### Your objective
Pull out of the data below the stretch of lines bounded by the one containing "angle view of" and the one containing "Photo of Board", both bounds included, unchanged.

### Exercise materials
[Start of Attachment]

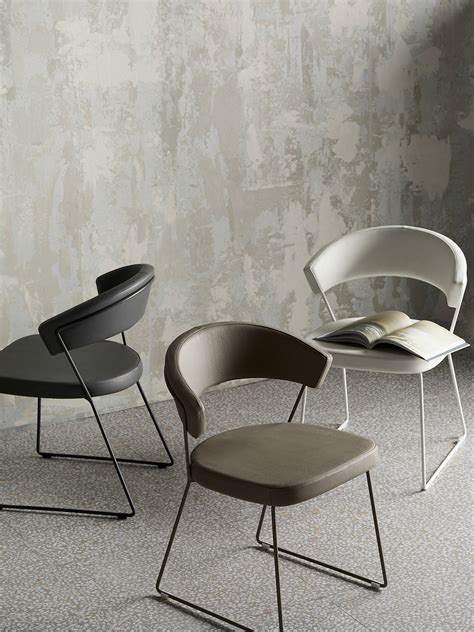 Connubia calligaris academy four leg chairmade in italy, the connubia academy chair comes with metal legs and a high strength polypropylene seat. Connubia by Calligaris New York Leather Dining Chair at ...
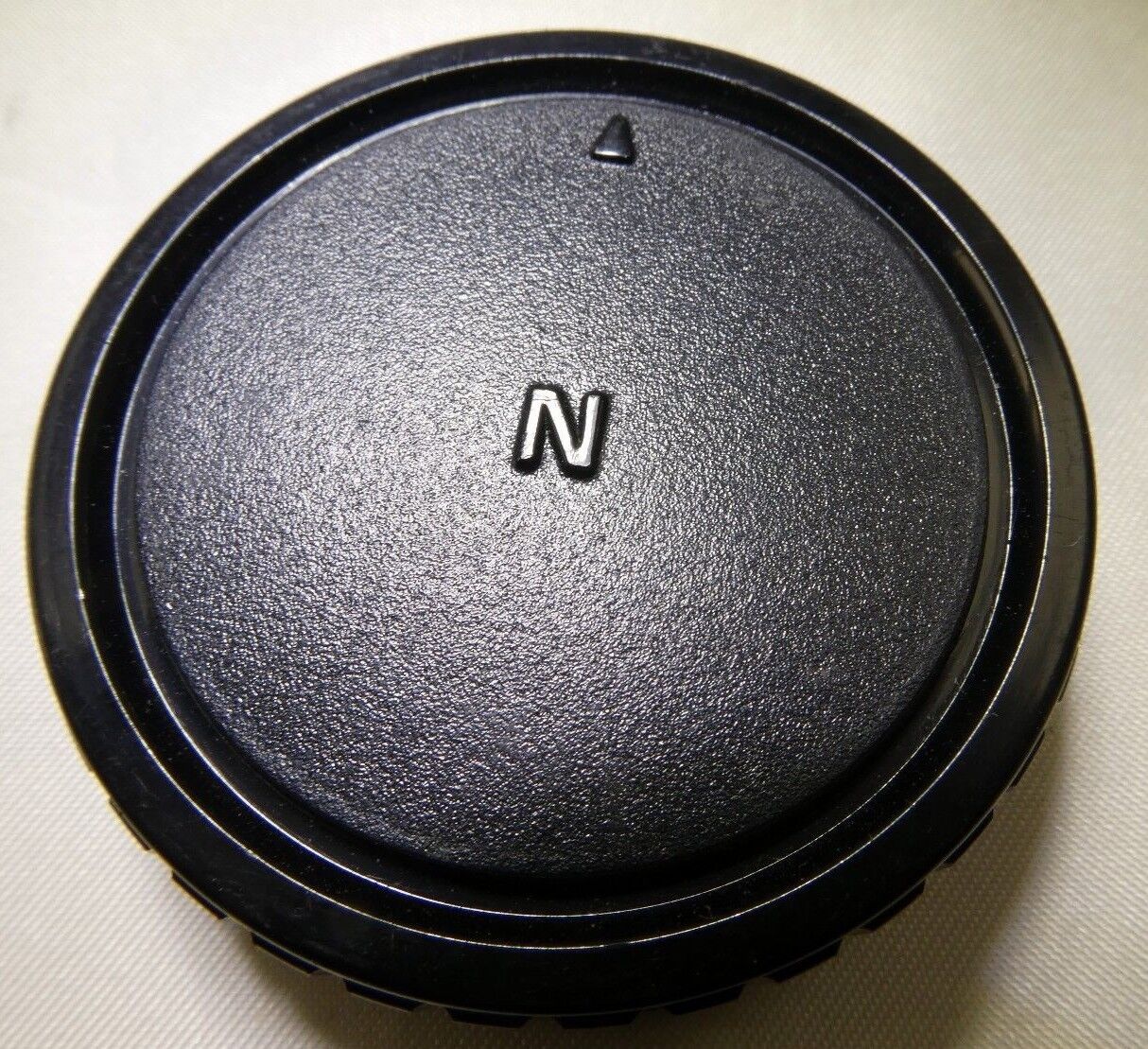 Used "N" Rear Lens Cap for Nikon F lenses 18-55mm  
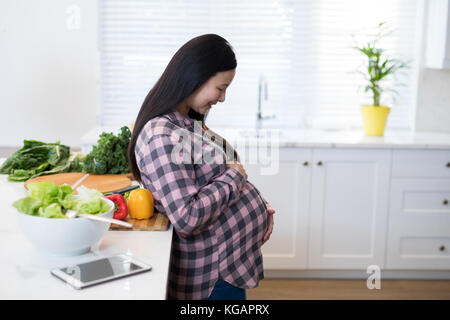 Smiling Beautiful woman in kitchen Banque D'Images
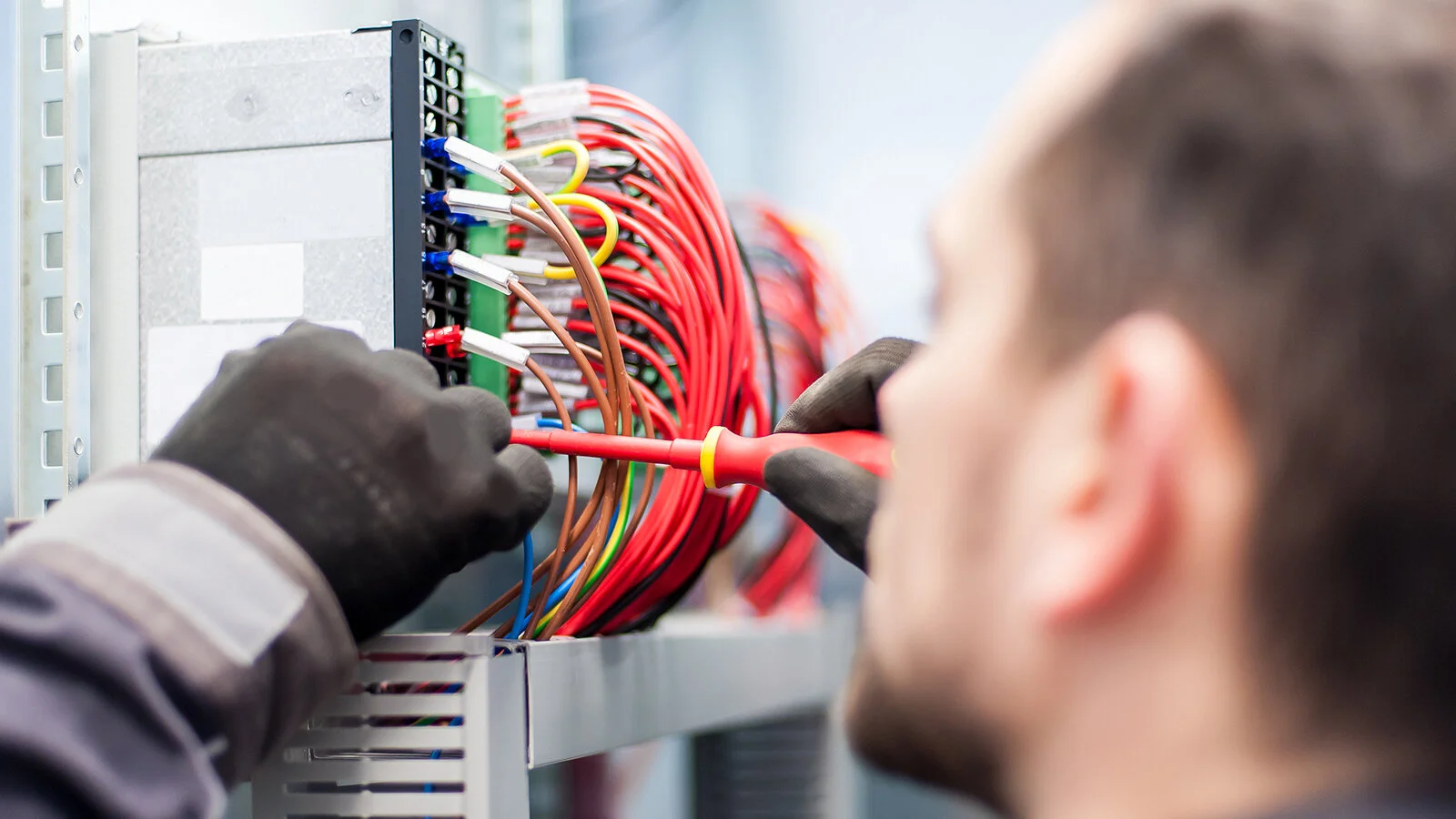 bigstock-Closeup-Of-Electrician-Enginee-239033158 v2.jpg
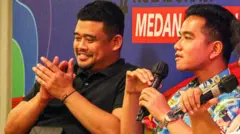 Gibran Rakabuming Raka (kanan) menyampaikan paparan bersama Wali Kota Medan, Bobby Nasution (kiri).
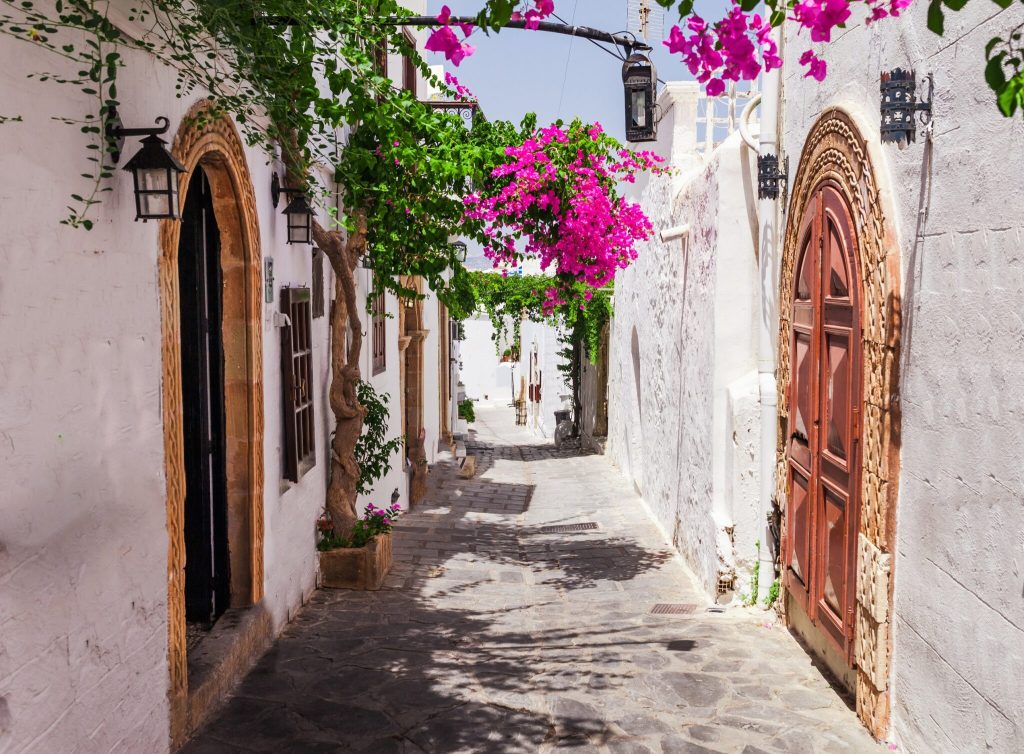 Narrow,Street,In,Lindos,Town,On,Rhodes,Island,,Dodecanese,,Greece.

[End of Attachment]
[Start of Attachment]

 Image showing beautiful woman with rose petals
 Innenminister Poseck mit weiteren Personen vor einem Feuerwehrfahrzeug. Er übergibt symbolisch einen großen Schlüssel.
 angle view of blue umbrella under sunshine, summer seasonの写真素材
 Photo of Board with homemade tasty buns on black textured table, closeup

[End of Attachment]
[Start of Attachment]

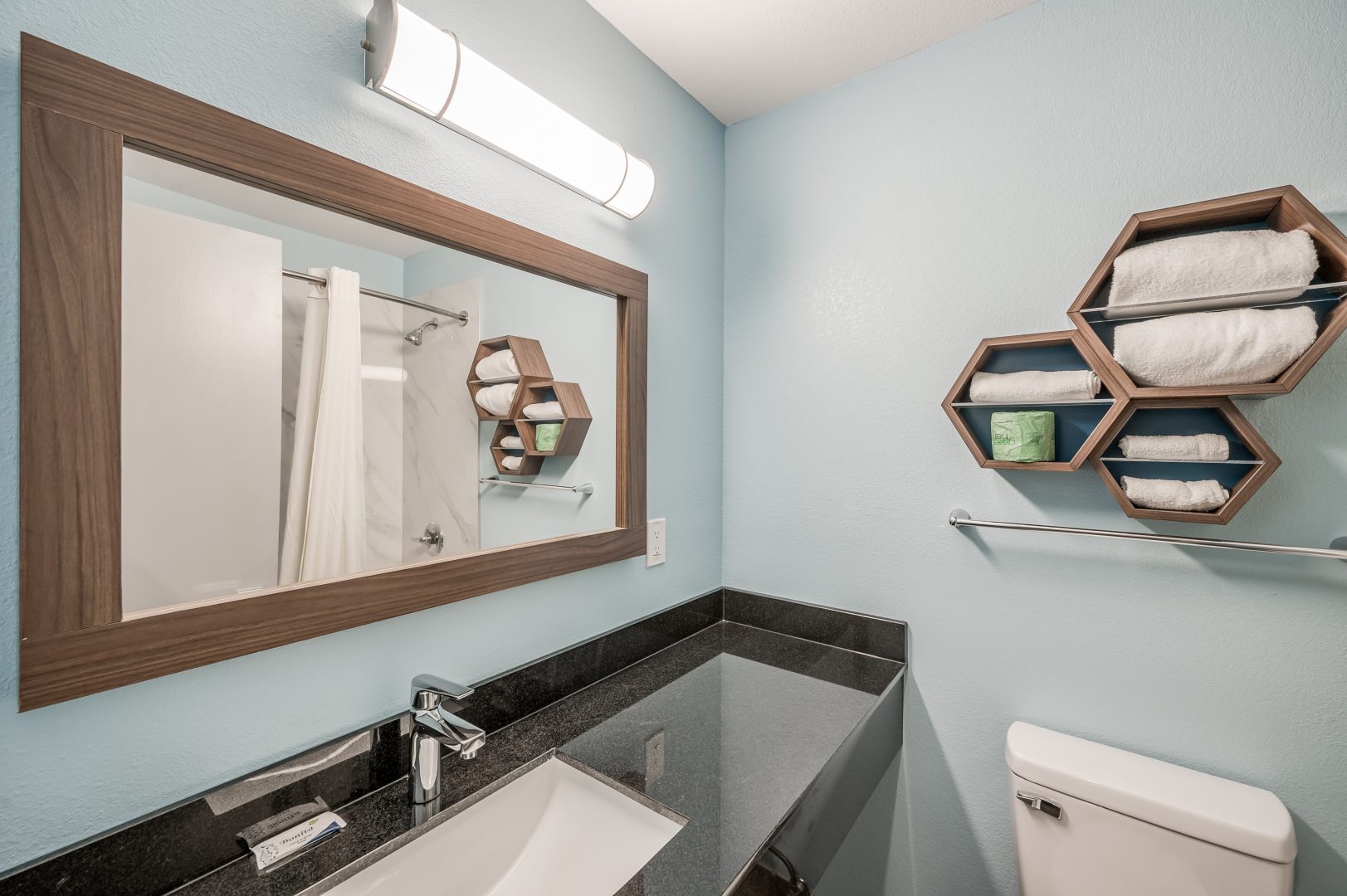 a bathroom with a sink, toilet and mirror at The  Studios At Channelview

[End of Attachment]

### Output below
 angle view of blue umbrella under sunshine, summer seasonの写真素材
 Photo of Board with homemade tasty buns on black textured table, closeup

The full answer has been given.